▶ **DESCRIPTION OF THE TASK**
Keep every word of the listing and drop the images when you write it out.
*** Opening PROVIDED INFORMATION ***
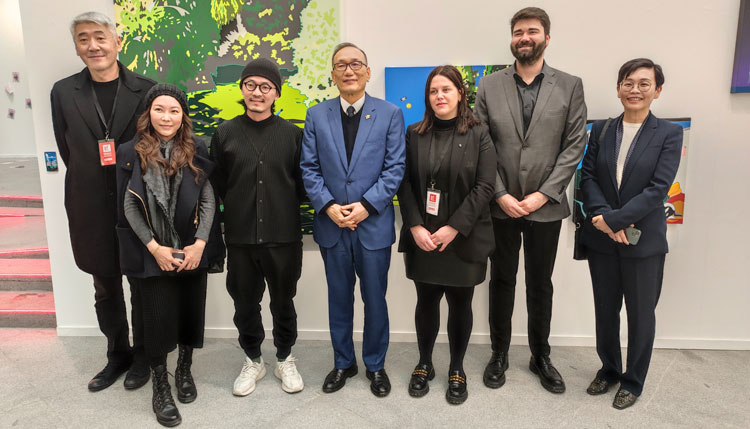José María Liu junto a los artistas taiwaneses y los organizadores de Art Madrid./ Foto: JDL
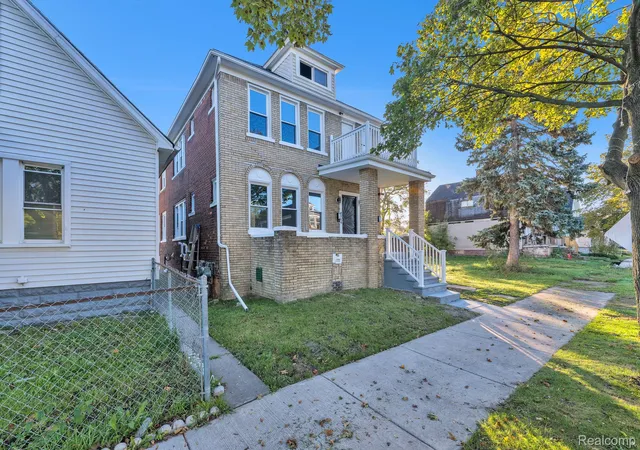 Photo 3 of Multi family home for sale at 9622 Petoskey Ave, Detroit, MI 48204 | MLS# 20261081630 | Listing updated on 2026-10-11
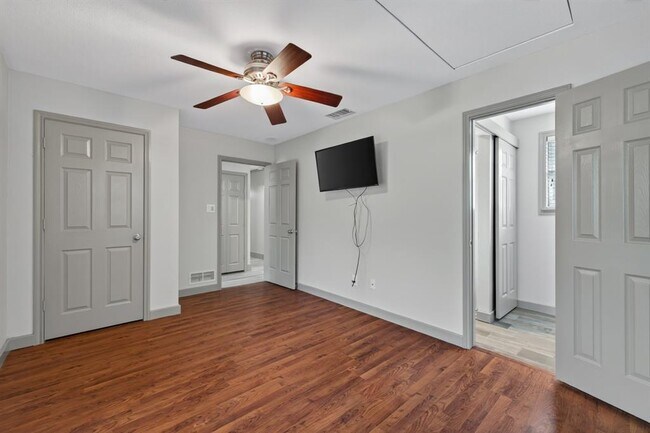 Building Photo - 4301 Hyridge Dr
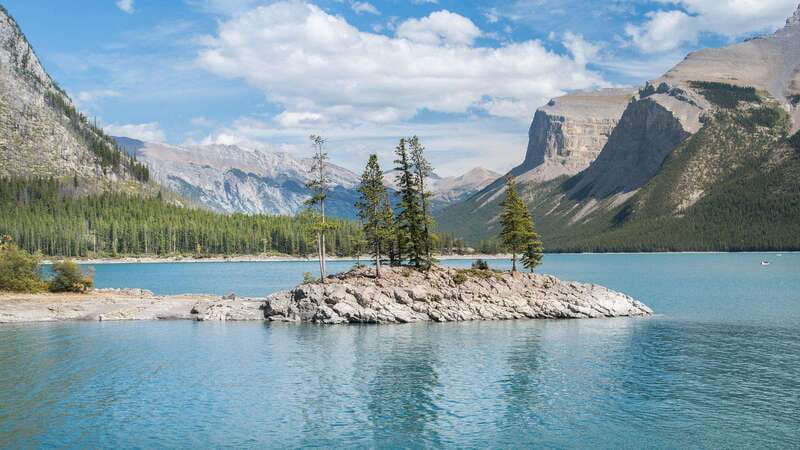 Western Canada Self-Driving Audio Guide English and German - How This Self-Driving Audio Guide Works (and Why It’s Practical)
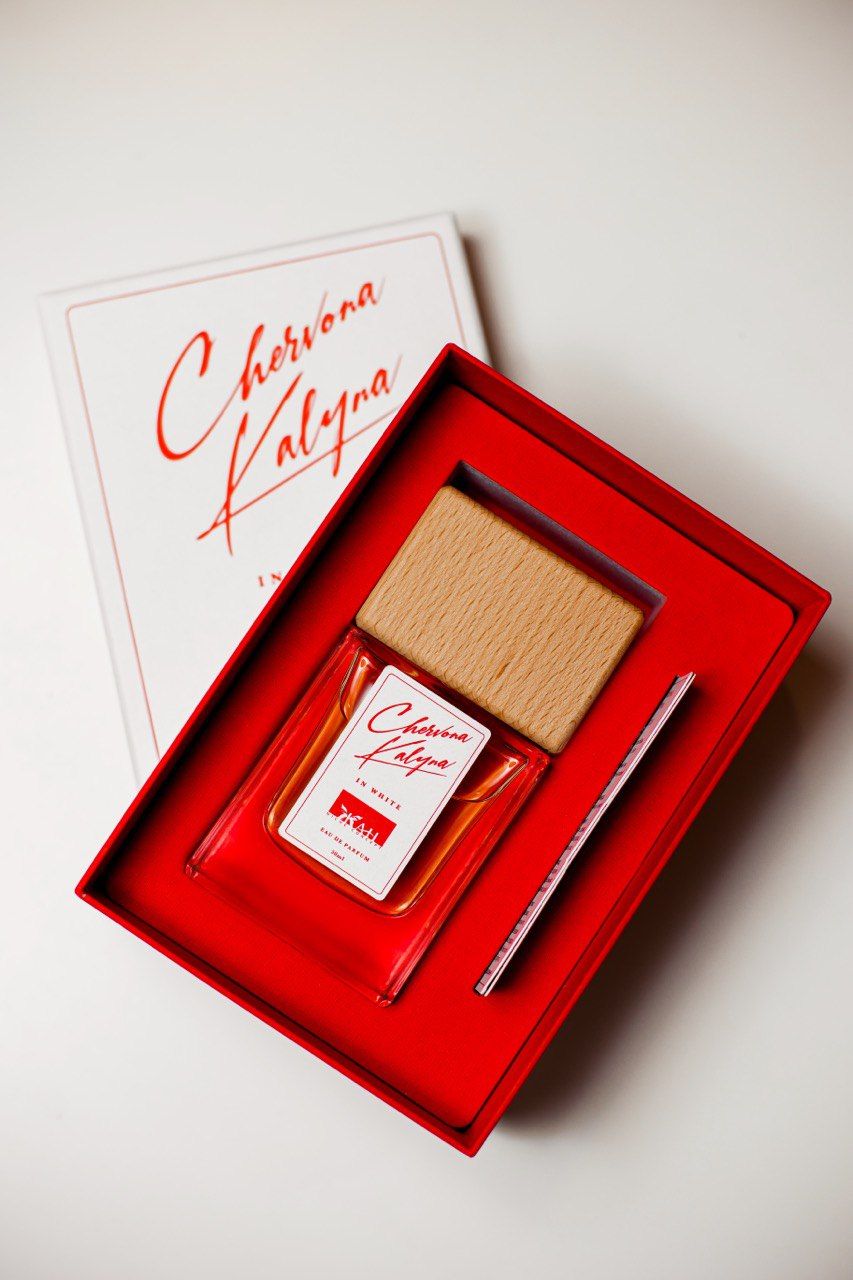 عطر ادکلن چروونا کالاینا این وایت جان نیچ کانسپت - Chervona Kalyna in White Jan Niche Concept - بررسی، قیمت و خرید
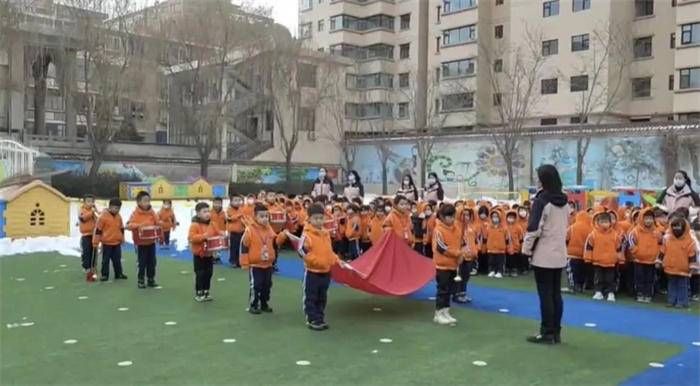 七里山幼儿园|开启新学期 领跑新时代——七里山幼儿园新学期升旗仪式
*** Closing PROVIDED INFORMATION ***
▶ **REPLY**
José María Liu junto a los artistas taiwaneses y los organizadores de Art Madrid./ Foto: JDL
 Photo 3 of Multi family home for sale at 9622 Petoskey Ave, Detroit, MI 48204 | MLS# 20261081630 | Listing updated on 2026-10-11
 Building Photo - 4301 Hyridge Dr
 Western Canada Self-Driving Audio Guide English and German - How This Self-Driving Audio Guide Works (and Why It’s Practical)
 عطر ادکلن چروونا کالاینا این وایت جان نیچ کانسپت - Chervona Kalyna in White Jan Niche Concept - بررسی، قیمت و خرید
 七里山幼儿园|开启新学期 领跑新时代——七里山幼儿园新学期升旗仪式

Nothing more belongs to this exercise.